┌──
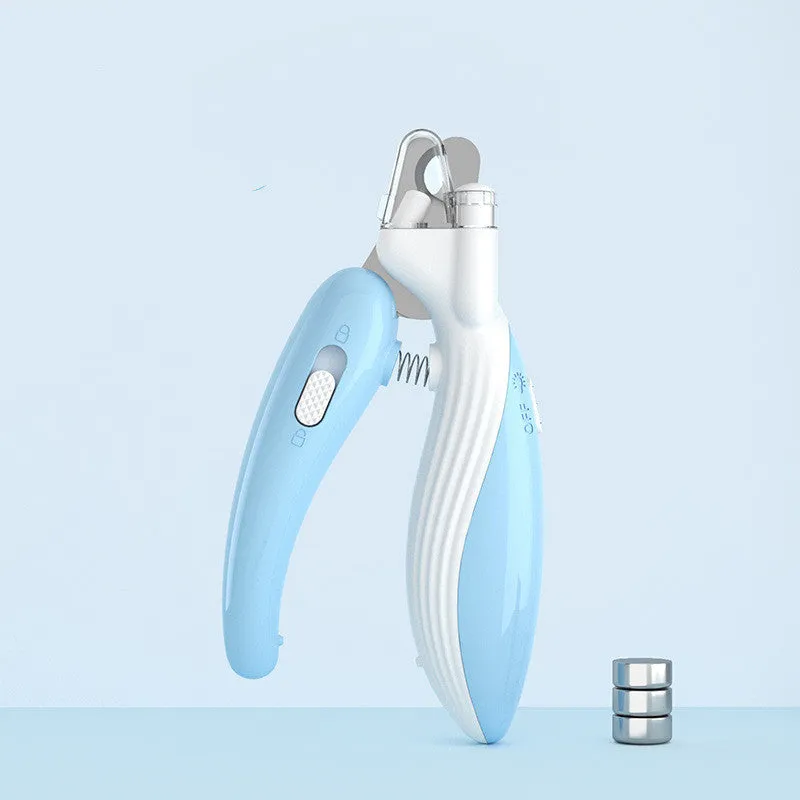 Pet Nail Clippers Dog Nail Clippers Cat Nail Clippers LED Electric Nail Grinder Pet Supplies LED Light Pet Nail Clippers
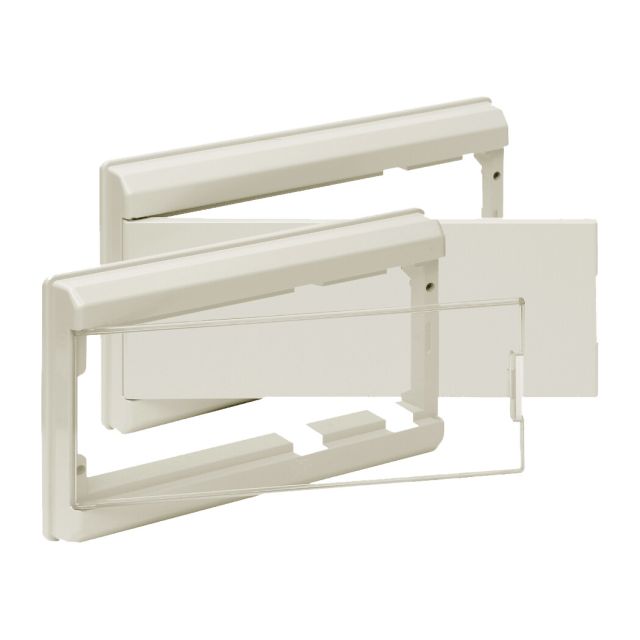 Marco y puerta para caja ICP y distribución marfil (Solera 5204)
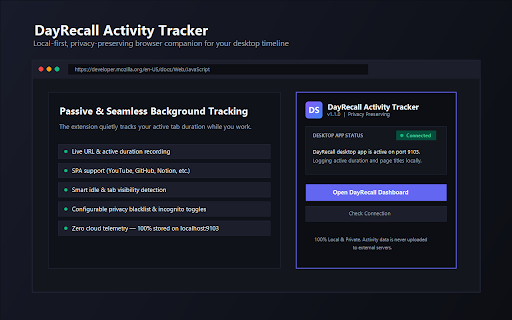 DayRecall Activity Tracker screenshot 1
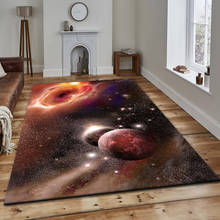 Alfombra moderna con estampado de planetas coloridos para niños, tapete de franela suave con estampado 3D, área de juego de niños y para dormitorio, decoración para habitación de niños, alfombrillas grandes 2024 - compra barato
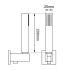 Square Black Handheld Shower Set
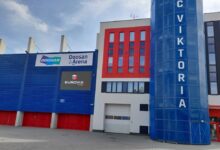 Z fotbalového stadionu v Plzni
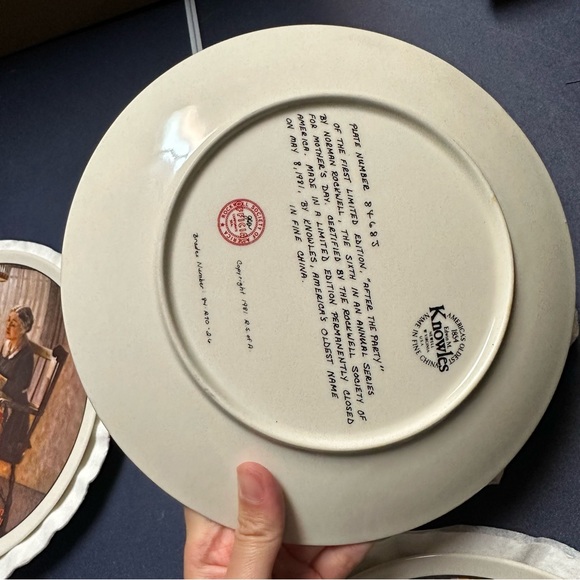 4pcs Norman Rockwell Collector plates the Knowles Mother’s Day series - Picture 8 of 11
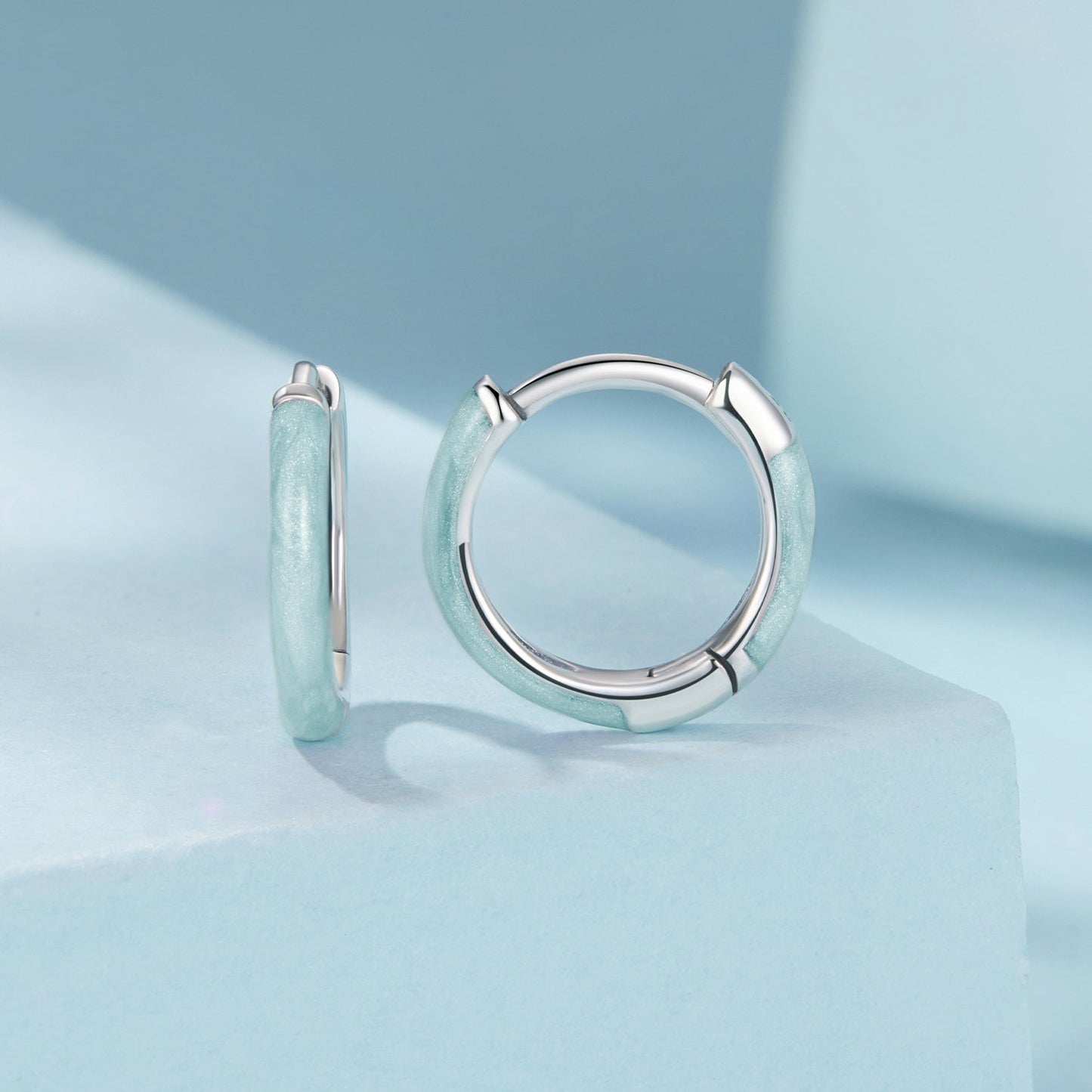 925 Sterling Silver Enamel Oxidized Earrings for Women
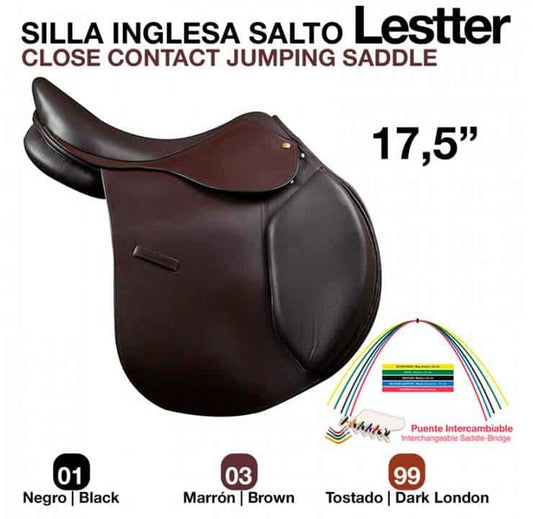 SILLA INGLESA SALTO LESTTER - Tienda Hípica Online | D’Hispania ®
└──
**Work order:**
The lines from the one containing "4pcs Norman Rockwell" through the last line of the data above are to be transcribed exactly, both included, with all pictures left out.

**Response area:**
 4pcs Norman Rockwell Collector plates the Knowles Mother’s Day series - Picture 8 of 11
 925 Sterling Silver Enamel Oxidized Earrings for Women
 SILLA INGLESA SALTO LESTTER - Tienda Hípica Online | D’Hispania ®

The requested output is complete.